13. The appellant, who was the protestor, filed an affidavit of protest and opposed the distribution of the deceased’s estate as proposed by the respondent. She, however, agreed with the respondent that the Kenya Breweries shares, the Nyeri Plot Owners Company and LR. Tetu/Unjiru/783 should be shared out and distributed as proposed by the respondent. In her own proposal, the appellant did not provide for any share of the estate to the respondent. She also introduced properties which, in her view, comprised the deceased’s estate, but which were apparently omitted from the list of assets available for distribution as expressed in the respondent’s affidavit in support of the summons for confirmation of grant. According to the appellant, apart from the assets whose distribution is not in dispute, the rest of the estate should be distributed as follows: LR. Tetu/Unjiru/784 to be distributed to Samuel Maina Muriuki and Jane Wambui Muriuki; Suguroi Plot No. 622 to be given to John Makara Ndungu and the appellant; LR. Tetu/Unjiru/786 to be given to Charles Maina Mwangi; LR. Tetu/Unjiru/782 & 785 to be given to the appellant; LR. Tetu/Unjiru/781 to be distributed to Samuel Maina Muriuki and Jane Wambui Muriuki. Other properties which the appellant identified as comprising the deceased’s estate and which should also be distributed included: Othaya Mahiga/Chinga share number 1534 which the appellant proposed should be given to John Maina Makara; Shares in Cathedral Parish Co-op, Saving and Credit Society to be given John Maina Makara and Matanya shares to be given to Mwangi Makara alias Mucheru.
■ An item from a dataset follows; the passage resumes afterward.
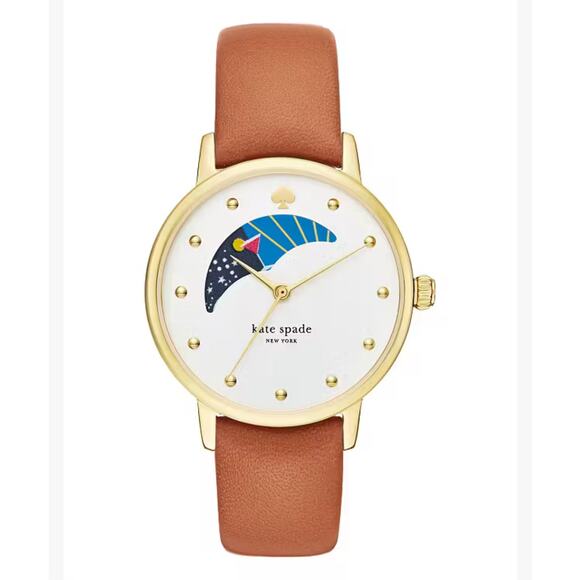 Kate Spade New York Metro Moon Phase Cocktail Watch - Picture 1 of 11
14. The cause was heard and determined by the High Court, (Ngaah, J.) who rendered himself as follows:“For the foregoing reasons, it is not in doubt and it is legitimate to conclude that the deceased died intestate and therefore the administration and distribution of his estate are subject to intestacy provisions of the Act. Be that as it may, this court has to resolve the dispute between parties, one way or the other, and I will proceed to do just that based on the evidence on record and on the applicable law to which I have made reference. Apart from the properties referred to as LR. Tetu/Unjiru/780 and LR. Tetu/Unjiru/783 which the parties are in agreement should be given to Charles Mwangi Maina representing the first house and the shares at Kenya Breweries Limited which should be transferred to Eustus Mwangi Ndungu, I order that the rest of the estate be shared equally between the second and the third houses; in the absence of any evidence regarding the status of the second wife, the applicant Rosemary Wambui Makara and the respondent Ann Muthoni Ndungu shall represent the second house and share equally the share of the estate allocated to that house. Similarly, in the absence of evidence regarding the deceased’s third widow, the third house’s share shall be transferred in the name of Moses Maina Makara who shall hold it in trust for himself and for the benefit of deceased’s children in the third house. For avoidance of doubt the deceased’s net intestate estate shall be transmitted as follows: - 1. LR. Tetu/Unjiru/780

2. LR. Tetu/Unjiru/783 Shall be transferred in the names of Charles Mwangi Maina absolutely.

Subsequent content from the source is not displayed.